# StarBand Retailers React to EchoStar's Sales Halt



## Steve Mehs (Mar 21, 2002)

Following a number of rumors, speculation and later, confirmed reports, StarBand is reorganizing its retail business model to a dealer direct format that will allow retailers to purchase StarBand systems directly through the company. This follows EchoStar's recent news that it will no longer sell StarBand equipment.

However, despite the change, StarBand retailers have voiced concerns and frustrations over EchoStar's recent cutoff of StarBand equipment dealer sales. The details of EchoStar's recent decision to halt the sales of StarBand equipment came in the form of a letter recently sent to retailers.

Over time, retailers and dealers haven't reacted well to EchoStar's news citing frustration and confusion over the company's vague reports. Some of this concern is best summed-up in a letter recently sent to SkyRetailer.
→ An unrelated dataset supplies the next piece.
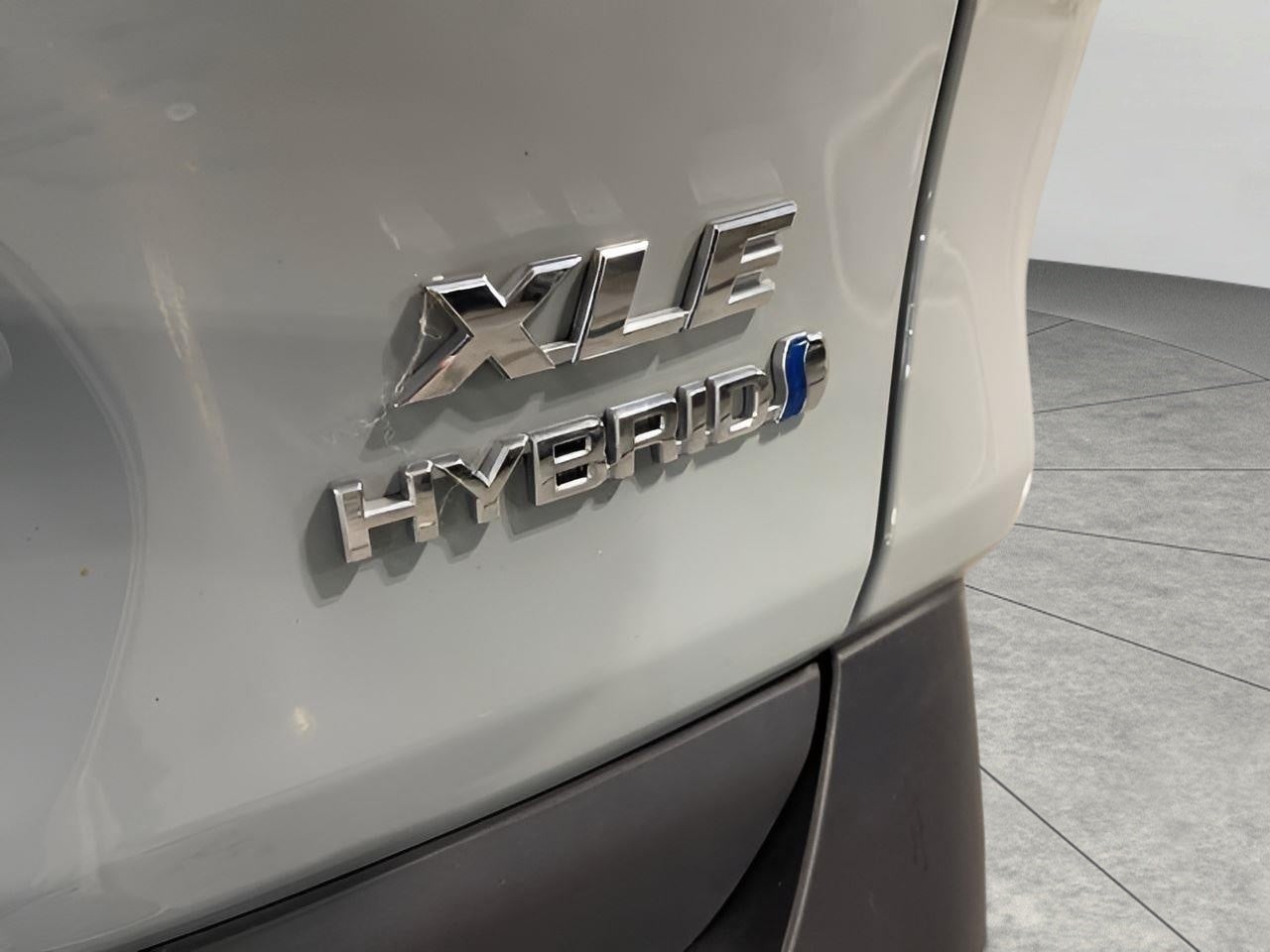 2020 Toyota RAV4 Hybrid XLE AWD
"We find it unconscionable that they (EchoStar) would leave us and other retailers hanging in suspension without explanation," said satellite TV retailer Ron Habegger.

"Because of these and other previous actions, we are 'sick to death' of (and finding the same with other retailers) Echosphere, DISH Network and Charlie Ergen. This predates your (StarBand) involvement with them. However, we looked at StarBand as a fresh breath to continue in the industry with a product relevant in today's lifestyles regardless of (EchoStar CEO Charlie) Ergen," said Habegger.

From SkyRetailer (Used with permission)


----------



## John Corn (Mar 21, 2002)

This is because Echostar really believes that the merger will go through and wants to steer satellite broadband to Hughes.


----------



## Richard King (Mar 25, 2002)

> This is because Echostar really believes that the merger will go through and wants to steer satellite broadband to Hughes.


While steering to Hughes after the merger might be the case, I doubt that this is the reason for the change. They *can't* do this under the assumption that the merger will happen. They must continue to run the business as though it will not happen. They are dropping Starband, in my opinion, due to the fact that Starband has yet to ever come even close to any projections that have been made by them. They are shutting off the flow of good dollars following the bad dollars that have already been invested.


----------